• What this task involves: No pictures belong in the copy. Set down exactly the lines from the one that contains "Enfriador De Latas" through the end of the data.

• Records for the exercise:
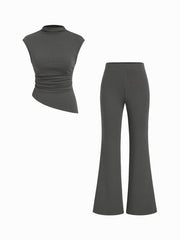 Cotton-blend High Neck Ruched Split Top & Mid Rise Flared Trousers Set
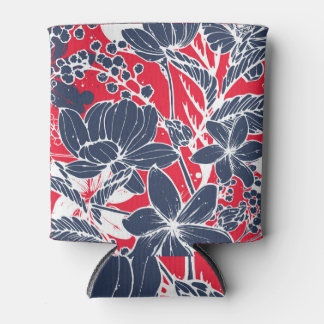 Enfriador De Latas Flores Vintage dibujadas a mano, patrón elegante.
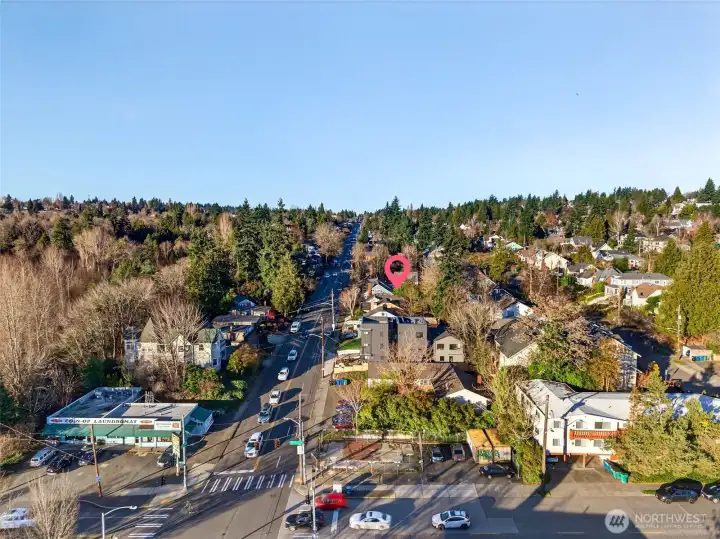 Looking North with Ravenna Park just to the left.
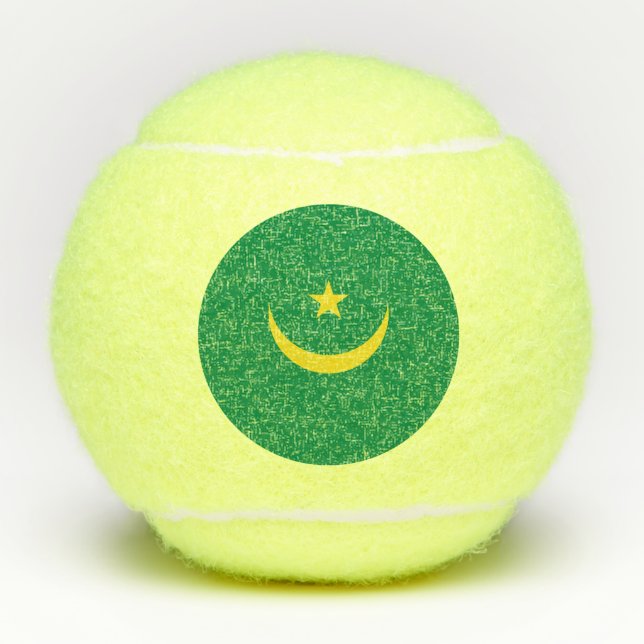 Pelotas De Tenis Bandera de Mauritania (Anverso)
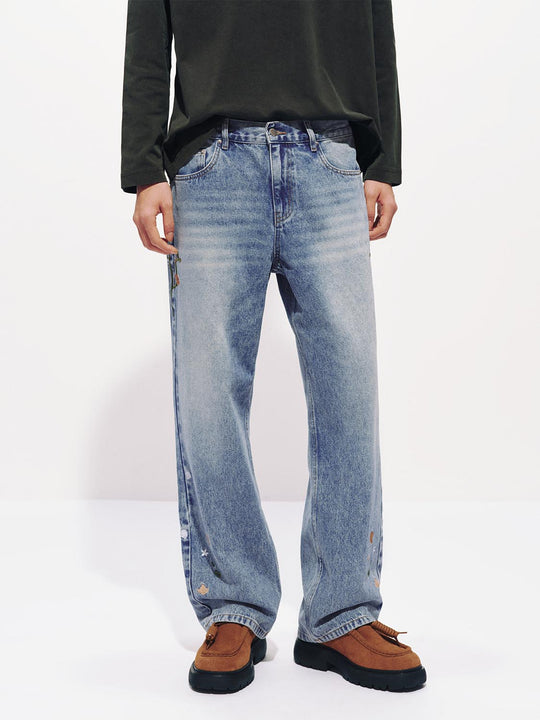Embroidered Floral Faded Wash Wide-leg Cotton Jeans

• Expected answer:
 Enfriador De Latas Flores Vintage dibujadas a mano, patrón elegante.
 Looking North with Ravenna Park just to the left.
 Pelotas De Tenis Bandera de Mauritania (Anverso)
Embroidered Floral Faded Wash Wide-leg Cotton Jeans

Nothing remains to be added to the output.